People #9: How to deal with self-motivation and stress.
Tip of the day!
When stress has caught you, and you can no longer concentrate on doing anything useful at work, then try to do something else. Go for a ride, go out for a short walk, go fishing (my preferred one), or have a chat with a friend at work about how you experience stress and how you deal with it.
Increasing your physical exercise reduces stress. Even though you might feel tired, it will boost your energy.
Theme of the day
The central theme in this blog is how we manage stress and how our ability to manage stress supports and enforces our level of self-motivation.
As cybersecurity professionals, many of us have a strong drive to achieve.
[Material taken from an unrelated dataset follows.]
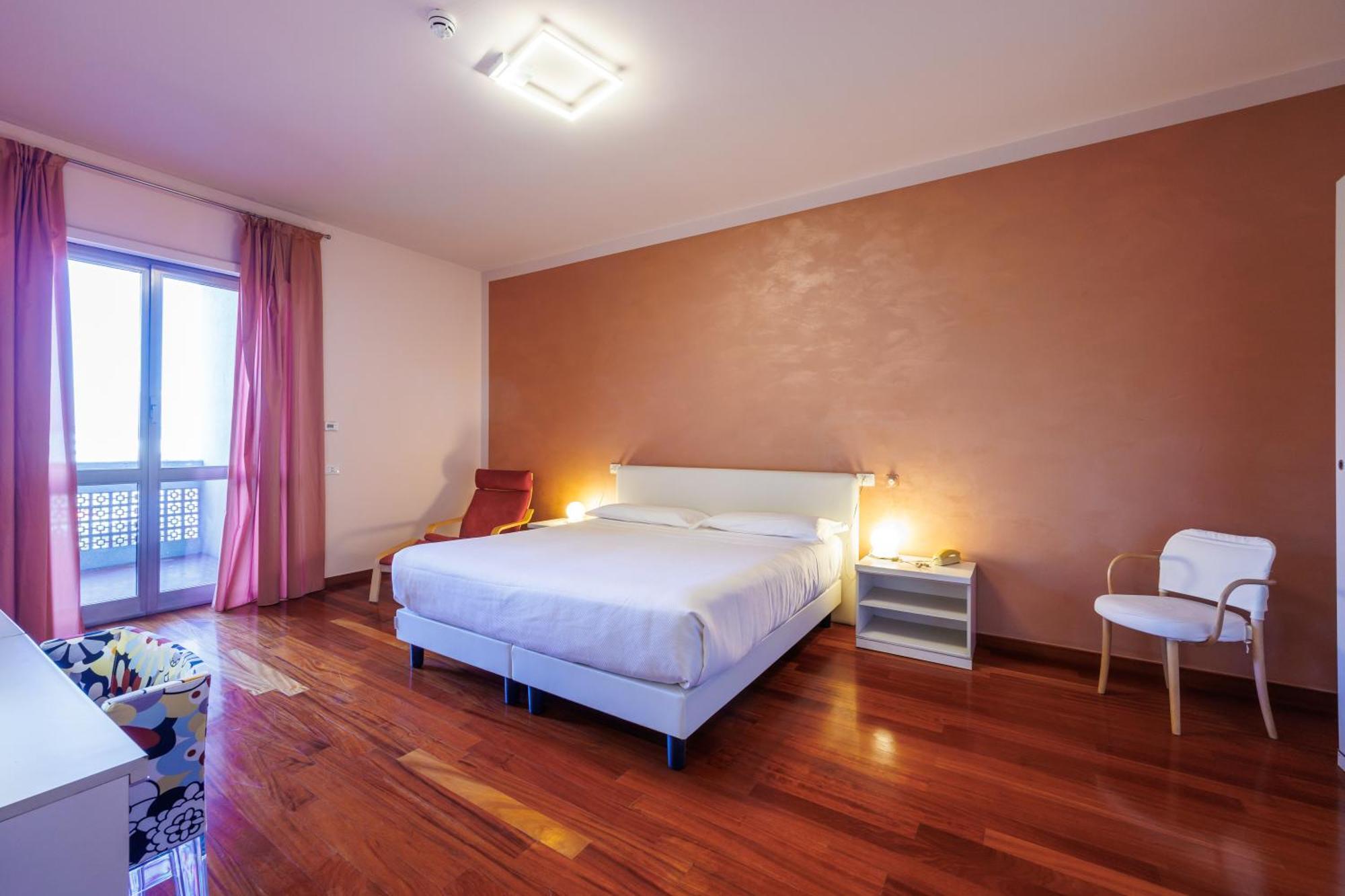 Residence Hotel Torino Uno Eksteriør billede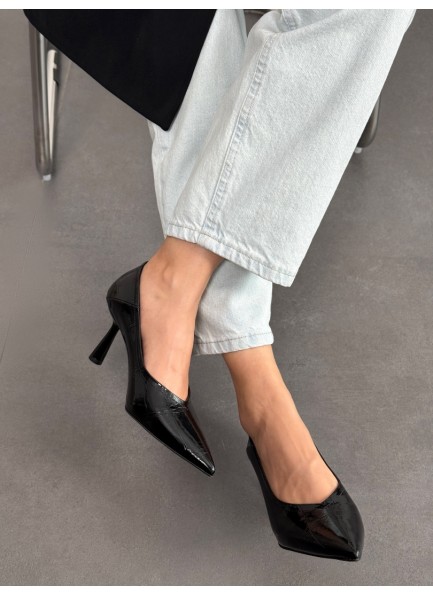 Siyah rugan stiletto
However, being relaxed and, at the same time, managing stress is not always easy. If your motivation to achieve is much higher than your ability to manage stress, you may have a high risk of chronic stress.
But what is stress? The word stress is only a term that we can apply to the amount of mental, physical, and emotional pressures that we can take. In the late 1900s, the word stress was used by engineers in the field of bridge-building. They used it to refer to the amount of pressure and strain on a bridge from the forces of weight, use, gravity, winds, earth shifting, or whatever. Did you know that already?
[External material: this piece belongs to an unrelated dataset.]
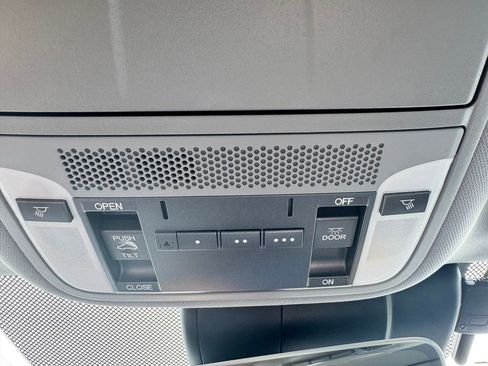 Used 2019 Acura TLX FWD image 25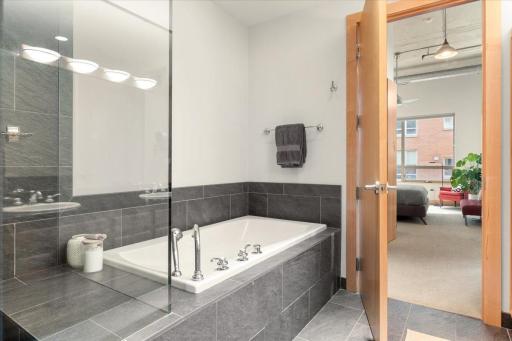 150 2nd Street NE, B213, Minneapolis, MN 55413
Psychologists apply the term stress to the amount of mental and emotional pressures that we can take. Interesting, isn’t it?
Stress refers to the amount of perceived pressure that we experience in various situations, challenges, and tasks. The level of stress depends on the amount of perceived resourcefulness that we bring to each situation. The lower our sense of perceived efficacy and empowerment, the more stress we feel. The higher our sense of personal confidence, the lower the stress. An interesting definition of stress management is ‘our tendency to be relaxed while at the same time managing stress well when it occurs.’
Stress does not exist ‘out there’; you can’t take it in your hands. Stress is always a personal ‘inside’ experience.
We want to continue to build on the following situation, challenge and tasks we’ve explored already in our previous blogs. In particular, let us take the next conversation you had with your manager into consideration (read blog #3 and #4). “You are one of the cybersecurity teleworking heroes of the company! And, you have to focus more on delegation instead of doing all the work yourself. And I have an urgent request. You have to solve a security vulnerability in a newly developed web application. Etc.”Go go go go!”
Two weeks ago, I had an exciting Teams meeting with a group of cybersecurity specialists. The subject was “How to deal with the new challenges we face as cybersecurity teleworkers in times of crisis?”
Their general feedback was, “We are all cybersecurity professionals, and we are accountable and responsible for the work we do. We fulfill the expectations of our management and our clients. We need challenging projects. And we have to be able to take initiatives. Being accountable and responsible, being able to fulfill mutual goals, accomplishing challenging projects that encourage us to improve, taking initiatives, etc. are all criteria that have a direct and positive impact on our engagement. However, working from nine to five, we need a break from time to time to recharge our batteries. You know, taking some fresh air, doing something else so that we stay relaxed and able to manage stress when it occurs. We are not talking about the good stress we need to be productive and meaningful. We mean that kind of destructive stress that makes us scared. Sometimes we feel guilty, and we don’t know why!”
My observations are:
- This team of professionals has a strong drive to achieve, including taking the initiative, wanting a challenge, and being enthusiastic about shared goals.
- Their tendency to be relaxed while at the same time managing stress well when it occurs is rather low. However, the good thing is that they brought this issue ‘destructive stress’ to the surface by opening that discussion.
Especially the words ‘scared’ and ‘guilty’ caught my attention.
As already said, as cybersecurity experts, we tend to be self-motivated combined with a lower level of stress management. This indicates that although we may make significant accomplishments, we probably experience a great deal of stress. Our desire to achieve is much higher than our ability to manage stress, and thus we will possibly develop a (strong) underlying desire to have a respite from our hard work.
The following questions can help you in managing destructive stress. Discuss your answers with a friend you have at work.
- How do you know you are stressed?
- What situations, especially now in times of teleworking, do you find stressful?
- What do you find most stressful about each of those situations?
- What behavior or attitude do you have that causes or increases stress?
- How could you have managed those situations better?
- How could you benefit by learning to manage stress better in times of teleworking?
- What barriers stop you from managing stress better?
- Remember or imagine a time when you were stressed, but you managed to overcome that stress. Tell your friend at work about that satisfying experience.
- What specific plan are you willing to commit to doing in the next 30 days to manage stress better?
Answer the following questions after 30 days:
- How well were you able to follow through on your stress reduction plan?
- In what ways have you improved your ability to manage the stressful situations listed in the first question?
My next blog post is about your commitment and that of your colleagues.
Take care of yourself! Take care of each other!